The task: The listing below holds pictures; exclude them. Return exactly the lines from the one with "Samsung Galaxy Z" through the one with "Health conditions linked".

Material provided:
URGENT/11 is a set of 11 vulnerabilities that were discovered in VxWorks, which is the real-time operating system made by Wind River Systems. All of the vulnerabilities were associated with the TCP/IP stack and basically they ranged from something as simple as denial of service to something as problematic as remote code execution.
==
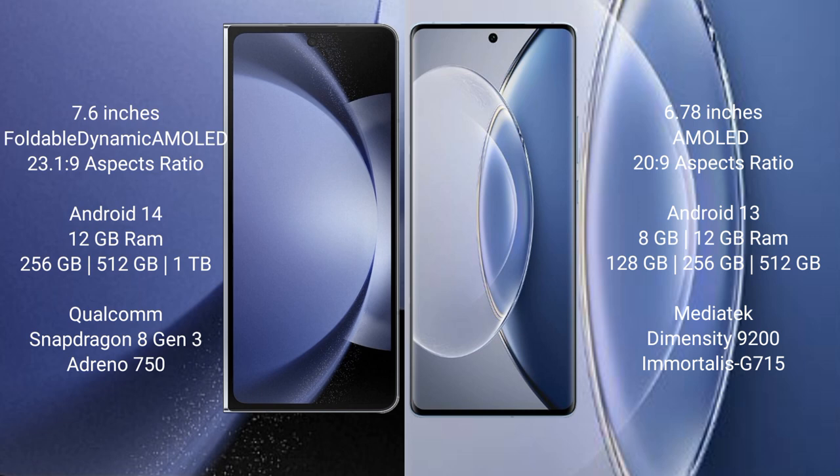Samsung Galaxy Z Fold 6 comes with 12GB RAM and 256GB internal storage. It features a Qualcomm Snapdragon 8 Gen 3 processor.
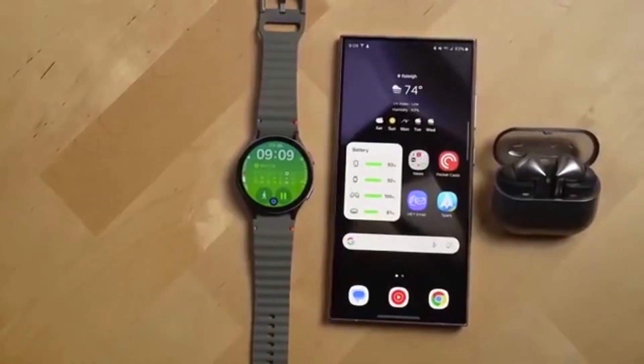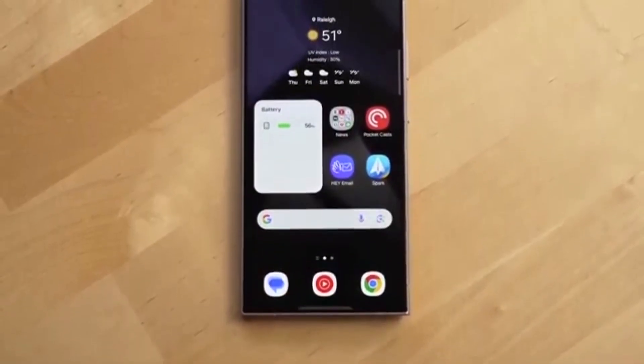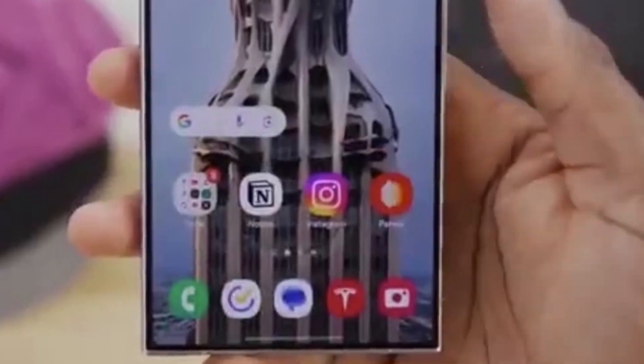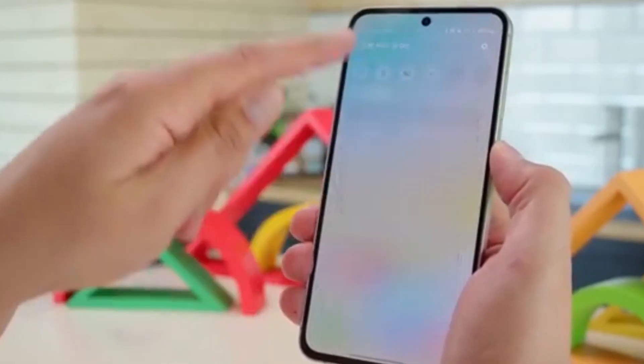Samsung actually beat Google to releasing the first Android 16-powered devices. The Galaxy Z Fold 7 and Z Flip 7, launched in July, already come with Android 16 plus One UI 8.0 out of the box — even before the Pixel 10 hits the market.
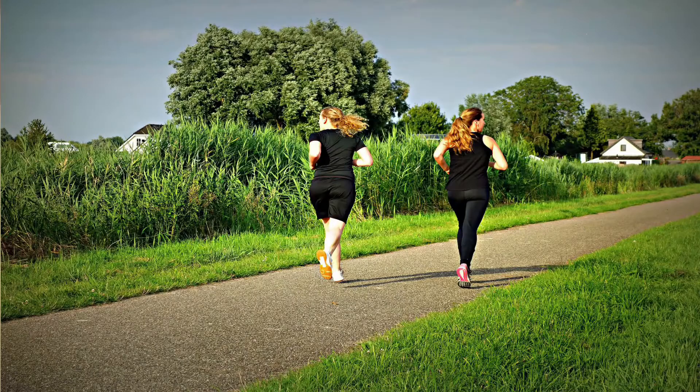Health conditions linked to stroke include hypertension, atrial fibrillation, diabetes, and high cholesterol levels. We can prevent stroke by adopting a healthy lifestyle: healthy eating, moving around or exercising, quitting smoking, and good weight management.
* * *
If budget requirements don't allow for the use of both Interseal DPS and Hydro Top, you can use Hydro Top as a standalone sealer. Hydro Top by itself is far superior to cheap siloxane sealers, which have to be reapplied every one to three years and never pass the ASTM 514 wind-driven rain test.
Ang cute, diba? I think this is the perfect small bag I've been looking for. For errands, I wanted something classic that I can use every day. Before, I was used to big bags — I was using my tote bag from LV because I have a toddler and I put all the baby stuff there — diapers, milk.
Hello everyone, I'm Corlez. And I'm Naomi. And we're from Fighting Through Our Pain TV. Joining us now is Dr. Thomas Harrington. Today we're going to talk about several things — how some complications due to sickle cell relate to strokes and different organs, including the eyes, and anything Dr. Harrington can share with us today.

Worked solution:
Samsung Galaxy Z Fold 6 comes with 12GB RAM and 256GB internal storage. It features a Qualcomm Snapdragon 8 Gen 3 processor.
Samsung actually beat Google to releasing the first Android 16-powered devices. The Galaxy Z Fold 7 and Z Flip 7, launched in July, already come with Android 16 plus One UI 8.0 out of the box — even before the Pixel 10 hits the market.
Health conditions linked to stroke include hypertension, atrial fibrillation, diabetes, and high cholesterol levels. We can prevent stroke by adopting a healthy lifestyle: healthy eating, moving around or exercising, quitting smoking, and good weight management.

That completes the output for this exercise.